Jakarta- Post issuance of President Regulation No. 13 of 2018 on Principle Application in Recognizing Beneficial Ownerships to Corporations in the Prevention and Eradication of Money Laundering Crimes (TPPU) and Terrorism Financing Crimes (TPPT), all types of corporations are required to declare and report beneficial ownership through a platform provided by the Ministry of Law and Human Rights. Furthermore, Indonesia has also placed compliance and disclosure of beneficial ownership (BO) as one of the priority actions under the National Strategy for Corruption Prevention by Presidential Regulation 54 of 2018 concerning the National Strategy for Corruption Prevention. The action plan aims to provide accurately and integrated BO data that can be accessed by the public and used for handling cases, licensing, and procuring goods and services.

Based on developments reported by the National Secretariat for Corruption Prevention Strategy, however, there is only 665,088 corporations (27.76% of the total corporations) have declared their beneficial ownership. There are many reasons why corporate compliance rates are so low. First, many companies are unfamiliar with “beneficial ownership” and have difficulty defining their beneficial owner(s). In addition to these well-meaning but uninformed companies, many companies are allegedly set up to facilitate crime, and they will avoid complying or feeling obligated to disclose beneficial ownership as long as it is deemed profitable.

In response to the beneficial ownership disclosures’ law compliance by corporations, the United Nations Office on Drugs and Crimes (UNODC), the United Nations Development Program (UNDP), Publish What You Pay (PWYP) Indonesia, Transparency International Indonesia, and the Ministry of Law and Human Rights held a Public-Private Dialogue titled Beneficial Ownership Transparency on 13 October 2022 at the Mandarin Oriental Hotel, Central Jakarta. This agenda facilitates honest communication and discussion between the government and the business world regarding beneficial ownership disclosure and management.

More than 190 participants from various backgrounds attended the event, including business stakeholders from important industries in Indonesia (extractive industries, plantations, agriculture, and health), notaries, lawyers, government representatives, and civil society organizations. This activity facilitated honest communication and discussion between the government and the business world regarding the disclosure and management of beneficial ownership and identified challenges and obstacles faced by the private sector in disclosing beneficial ownership information.

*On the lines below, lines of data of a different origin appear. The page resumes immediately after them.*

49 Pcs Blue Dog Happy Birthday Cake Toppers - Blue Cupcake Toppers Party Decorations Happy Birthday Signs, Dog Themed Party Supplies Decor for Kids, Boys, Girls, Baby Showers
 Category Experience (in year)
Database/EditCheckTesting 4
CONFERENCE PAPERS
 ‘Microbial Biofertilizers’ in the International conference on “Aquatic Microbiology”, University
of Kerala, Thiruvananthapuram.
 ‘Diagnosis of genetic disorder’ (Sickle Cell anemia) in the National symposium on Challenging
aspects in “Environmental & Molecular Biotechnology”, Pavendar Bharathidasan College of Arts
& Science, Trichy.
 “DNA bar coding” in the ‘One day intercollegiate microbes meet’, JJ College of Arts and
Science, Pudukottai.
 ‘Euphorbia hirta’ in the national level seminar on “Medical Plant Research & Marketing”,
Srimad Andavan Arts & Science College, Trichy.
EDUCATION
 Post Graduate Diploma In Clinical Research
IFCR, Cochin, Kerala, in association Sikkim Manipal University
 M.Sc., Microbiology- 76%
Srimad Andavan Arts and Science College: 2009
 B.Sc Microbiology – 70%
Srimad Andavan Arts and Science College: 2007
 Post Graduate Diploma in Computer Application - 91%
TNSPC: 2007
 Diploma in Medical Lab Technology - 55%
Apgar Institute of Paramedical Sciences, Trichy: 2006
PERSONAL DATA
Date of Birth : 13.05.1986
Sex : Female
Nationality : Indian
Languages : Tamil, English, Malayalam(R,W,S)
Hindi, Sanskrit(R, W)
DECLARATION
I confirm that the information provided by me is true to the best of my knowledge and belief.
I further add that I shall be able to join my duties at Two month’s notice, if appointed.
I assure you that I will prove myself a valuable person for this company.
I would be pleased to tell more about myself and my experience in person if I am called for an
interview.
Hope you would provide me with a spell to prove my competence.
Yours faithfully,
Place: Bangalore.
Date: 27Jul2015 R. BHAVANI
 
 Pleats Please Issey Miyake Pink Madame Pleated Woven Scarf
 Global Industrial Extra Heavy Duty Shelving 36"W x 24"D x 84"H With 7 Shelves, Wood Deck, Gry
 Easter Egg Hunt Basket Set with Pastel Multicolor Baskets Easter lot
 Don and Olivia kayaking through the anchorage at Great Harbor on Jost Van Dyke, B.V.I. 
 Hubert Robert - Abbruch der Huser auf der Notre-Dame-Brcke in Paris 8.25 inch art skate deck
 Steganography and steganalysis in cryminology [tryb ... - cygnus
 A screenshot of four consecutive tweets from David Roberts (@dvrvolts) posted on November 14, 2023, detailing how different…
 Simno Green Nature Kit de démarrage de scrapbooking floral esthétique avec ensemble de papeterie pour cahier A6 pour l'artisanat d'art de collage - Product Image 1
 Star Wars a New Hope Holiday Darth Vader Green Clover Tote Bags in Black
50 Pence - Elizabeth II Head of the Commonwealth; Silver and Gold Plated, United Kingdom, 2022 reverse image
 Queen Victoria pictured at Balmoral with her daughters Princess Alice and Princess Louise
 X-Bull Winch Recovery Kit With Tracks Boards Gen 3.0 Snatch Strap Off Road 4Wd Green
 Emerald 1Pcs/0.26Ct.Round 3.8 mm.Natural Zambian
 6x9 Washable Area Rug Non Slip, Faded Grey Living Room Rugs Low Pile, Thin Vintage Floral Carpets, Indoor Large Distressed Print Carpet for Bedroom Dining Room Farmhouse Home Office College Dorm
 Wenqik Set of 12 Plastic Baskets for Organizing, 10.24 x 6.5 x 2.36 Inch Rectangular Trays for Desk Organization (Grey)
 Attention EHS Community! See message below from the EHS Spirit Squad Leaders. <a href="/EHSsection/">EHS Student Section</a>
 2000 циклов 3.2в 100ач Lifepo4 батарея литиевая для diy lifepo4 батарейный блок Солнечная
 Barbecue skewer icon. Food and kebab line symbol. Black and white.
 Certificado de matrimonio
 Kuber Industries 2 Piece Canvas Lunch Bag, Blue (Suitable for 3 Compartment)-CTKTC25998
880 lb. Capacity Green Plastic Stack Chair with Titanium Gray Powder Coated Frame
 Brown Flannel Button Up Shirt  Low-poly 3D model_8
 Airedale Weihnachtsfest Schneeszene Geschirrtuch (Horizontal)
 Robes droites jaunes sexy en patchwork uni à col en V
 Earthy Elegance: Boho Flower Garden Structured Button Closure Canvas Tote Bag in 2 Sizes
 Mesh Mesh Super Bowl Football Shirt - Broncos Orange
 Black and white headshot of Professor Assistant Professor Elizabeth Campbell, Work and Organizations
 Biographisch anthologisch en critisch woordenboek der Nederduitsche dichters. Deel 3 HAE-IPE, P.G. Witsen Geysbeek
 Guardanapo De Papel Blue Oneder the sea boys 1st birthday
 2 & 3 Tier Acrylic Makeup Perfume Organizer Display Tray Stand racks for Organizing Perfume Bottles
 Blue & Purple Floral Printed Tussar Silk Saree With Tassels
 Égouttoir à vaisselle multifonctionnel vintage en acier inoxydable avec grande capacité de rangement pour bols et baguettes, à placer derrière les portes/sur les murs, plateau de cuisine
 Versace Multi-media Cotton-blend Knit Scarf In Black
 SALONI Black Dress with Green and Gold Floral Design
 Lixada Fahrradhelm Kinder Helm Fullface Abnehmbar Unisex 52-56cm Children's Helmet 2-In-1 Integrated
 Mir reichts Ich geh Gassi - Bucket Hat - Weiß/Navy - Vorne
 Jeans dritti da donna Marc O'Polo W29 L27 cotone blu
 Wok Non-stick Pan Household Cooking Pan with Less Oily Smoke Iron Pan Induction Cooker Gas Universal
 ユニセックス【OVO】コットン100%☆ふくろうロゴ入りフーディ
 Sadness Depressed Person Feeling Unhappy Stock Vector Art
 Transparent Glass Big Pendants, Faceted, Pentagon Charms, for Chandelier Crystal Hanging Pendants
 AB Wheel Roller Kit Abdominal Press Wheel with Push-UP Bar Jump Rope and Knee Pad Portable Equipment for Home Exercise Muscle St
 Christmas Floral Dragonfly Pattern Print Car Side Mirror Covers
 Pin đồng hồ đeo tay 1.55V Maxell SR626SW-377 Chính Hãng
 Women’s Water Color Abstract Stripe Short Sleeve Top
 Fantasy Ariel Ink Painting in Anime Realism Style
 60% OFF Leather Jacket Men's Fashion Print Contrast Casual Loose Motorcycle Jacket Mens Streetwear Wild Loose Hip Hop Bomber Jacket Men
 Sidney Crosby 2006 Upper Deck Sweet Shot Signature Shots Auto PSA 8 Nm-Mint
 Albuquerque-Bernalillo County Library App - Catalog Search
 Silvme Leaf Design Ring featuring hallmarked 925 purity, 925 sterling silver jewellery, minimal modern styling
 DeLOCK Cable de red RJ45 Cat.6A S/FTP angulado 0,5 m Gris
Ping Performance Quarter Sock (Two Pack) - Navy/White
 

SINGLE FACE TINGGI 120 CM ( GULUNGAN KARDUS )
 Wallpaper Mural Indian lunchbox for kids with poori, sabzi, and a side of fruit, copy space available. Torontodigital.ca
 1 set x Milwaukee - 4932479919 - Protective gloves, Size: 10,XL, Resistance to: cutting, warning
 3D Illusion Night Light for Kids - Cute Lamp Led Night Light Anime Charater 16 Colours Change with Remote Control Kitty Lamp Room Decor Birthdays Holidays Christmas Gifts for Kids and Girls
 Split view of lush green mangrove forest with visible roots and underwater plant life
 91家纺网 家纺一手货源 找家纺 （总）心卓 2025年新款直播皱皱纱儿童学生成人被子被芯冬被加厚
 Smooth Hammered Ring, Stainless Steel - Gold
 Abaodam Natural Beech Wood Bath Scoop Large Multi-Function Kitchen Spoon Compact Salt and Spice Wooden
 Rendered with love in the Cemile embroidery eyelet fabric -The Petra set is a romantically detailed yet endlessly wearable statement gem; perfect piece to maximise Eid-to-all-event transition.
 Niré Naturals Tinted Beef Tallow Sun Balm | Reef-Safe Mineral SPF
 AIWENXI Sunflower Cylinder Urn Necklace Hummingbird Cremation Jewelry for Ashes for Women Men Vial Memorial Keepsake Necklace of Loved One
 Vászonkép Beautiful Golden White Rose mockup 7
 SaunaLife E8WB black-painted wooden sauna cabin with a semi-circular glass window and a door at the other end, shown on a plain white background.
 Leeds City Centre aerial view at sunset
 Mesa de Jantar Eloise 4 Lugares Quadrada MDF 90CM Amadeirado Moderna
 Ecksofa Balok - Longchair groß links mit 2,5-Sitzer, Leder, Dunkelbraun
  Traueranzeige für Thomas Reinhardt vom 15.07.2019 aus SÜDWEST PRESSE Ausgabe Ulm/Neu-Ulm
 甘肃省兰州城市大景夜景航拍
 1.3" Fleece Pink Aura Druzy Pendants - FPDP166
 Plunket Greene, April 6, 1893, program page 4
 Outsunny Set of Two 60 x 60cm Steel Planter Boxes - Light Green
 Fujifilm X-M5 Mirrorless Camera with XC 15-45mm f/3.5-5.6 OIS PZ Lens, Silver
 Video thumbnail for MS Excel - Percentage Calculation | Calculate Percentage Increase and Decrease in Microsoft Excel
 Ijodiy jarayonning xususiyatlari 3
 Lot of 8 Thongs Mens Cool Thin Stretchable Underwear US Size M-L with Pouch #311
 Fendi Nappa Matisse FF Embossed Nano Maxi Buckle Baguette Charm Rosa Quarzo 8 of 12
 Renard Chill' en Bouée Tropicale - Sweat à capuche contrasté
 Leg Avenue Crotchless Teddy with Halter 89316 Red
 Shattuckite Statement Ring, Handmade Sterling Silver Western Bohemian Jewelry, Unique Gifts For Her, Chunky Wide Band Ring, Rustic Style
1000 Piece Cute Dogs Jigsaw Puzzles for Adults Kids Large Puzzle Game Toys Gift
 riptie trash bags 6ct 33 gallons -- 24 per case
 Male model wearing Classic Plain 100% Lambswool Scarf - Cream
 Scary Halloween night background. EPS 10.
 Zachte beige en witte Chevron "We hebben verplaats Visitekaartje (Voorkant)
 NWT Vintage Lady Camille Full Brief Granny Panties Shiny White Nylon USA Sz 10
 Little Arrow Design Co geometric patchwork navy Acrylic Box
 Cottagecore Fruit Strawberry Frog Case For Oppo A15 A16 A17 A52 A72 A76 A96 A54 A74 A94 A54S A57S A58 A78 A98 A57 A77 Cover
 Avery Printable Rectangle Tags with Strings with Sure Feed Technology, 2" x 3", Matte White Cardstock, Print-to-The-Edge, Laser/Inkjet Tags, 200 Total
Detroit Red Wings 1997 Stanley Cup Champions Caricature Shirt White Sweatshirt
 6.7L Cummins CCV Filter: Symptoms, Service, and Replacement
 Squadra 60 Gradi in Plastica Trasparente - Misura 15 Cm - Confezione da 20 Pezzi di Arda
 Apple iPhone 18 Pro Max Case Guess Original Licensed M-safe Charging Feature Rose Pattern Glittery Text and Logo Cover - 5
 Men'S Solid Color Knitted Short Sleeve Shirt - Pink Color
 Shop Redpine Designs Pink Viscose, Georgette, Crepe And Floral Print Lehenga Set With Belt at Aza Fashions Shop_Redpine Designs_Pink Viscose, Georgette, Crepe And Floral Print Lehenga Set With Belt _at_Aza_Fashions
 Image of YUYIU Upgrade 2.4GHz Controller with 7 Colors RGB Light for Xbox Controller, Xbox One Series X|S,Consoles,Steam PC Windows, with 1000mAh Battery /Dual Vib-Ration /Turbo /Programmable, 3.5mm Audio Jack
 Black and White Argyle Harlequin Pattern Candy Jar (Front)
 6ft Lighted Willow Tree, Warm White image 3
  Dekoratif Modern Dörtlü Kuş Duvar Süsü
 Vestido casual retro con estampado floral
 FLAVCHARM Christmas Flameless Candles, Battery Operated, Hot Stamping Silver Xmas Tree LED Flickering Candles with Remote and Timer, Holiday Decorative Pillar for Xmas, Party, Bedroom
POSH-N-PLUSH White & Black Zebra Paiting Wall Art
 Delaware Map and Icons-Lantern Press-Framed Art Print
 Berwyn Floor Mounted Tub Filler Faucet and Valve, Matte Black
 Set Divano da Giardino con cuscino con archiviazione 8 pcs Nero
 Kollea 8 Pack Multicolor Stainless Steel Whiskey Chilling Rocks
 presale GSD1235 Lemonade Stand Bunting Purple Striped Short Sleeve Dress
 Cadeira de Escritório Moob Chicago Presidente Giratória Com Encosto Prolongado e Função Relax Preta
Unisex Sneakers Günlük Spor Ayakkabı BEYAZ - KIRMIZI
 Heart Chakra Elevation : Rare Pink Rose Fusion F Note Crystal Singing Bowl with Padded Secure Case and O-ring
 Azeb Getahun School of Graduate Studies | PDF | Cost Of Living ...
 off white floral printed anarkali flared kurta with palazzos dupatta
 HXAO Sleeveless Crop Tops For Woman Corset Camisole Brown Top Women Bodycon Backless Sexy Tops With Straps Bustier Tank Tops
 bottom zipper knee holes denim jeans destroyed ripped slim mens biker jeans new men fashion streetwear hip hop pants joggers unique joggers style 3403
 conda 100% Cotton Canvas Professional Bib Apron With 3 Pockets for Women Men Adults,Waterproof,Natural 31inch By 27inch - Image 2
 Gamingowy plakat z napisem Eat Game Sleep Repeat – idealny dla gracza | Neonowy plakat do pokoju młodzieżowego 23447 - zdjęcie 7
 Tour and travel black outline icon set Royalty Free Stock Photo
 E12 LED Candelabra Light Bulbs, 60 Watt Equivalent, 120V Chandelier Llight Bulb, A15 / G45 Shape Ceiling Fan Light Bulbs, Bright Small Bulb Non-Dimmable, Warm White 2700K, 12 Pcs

Speakers at the event discussed issues such as digitization and data sharing as tools to assist governments in using beneficial ownership information to prevent corruption and money laundering; experiences and challenges in identifying, disclosing, and managing beneficial ownership information; potential benefits for the community by having to access to beneficial ownership information, especially in monitoring government procurement of goods/services, industrial licensing, and conflicts of interest.

Representatives from the private sector highlighted the need for precise compliance requirements for Beneficial Ownership disclosure that apply to all companies and the importance of transparency in an equal system for all companies. The results of a survey conducted during the workshop indicated that the private sector expects better assistance and guidance from the government to comply with beneficial ownership disclosure regulations.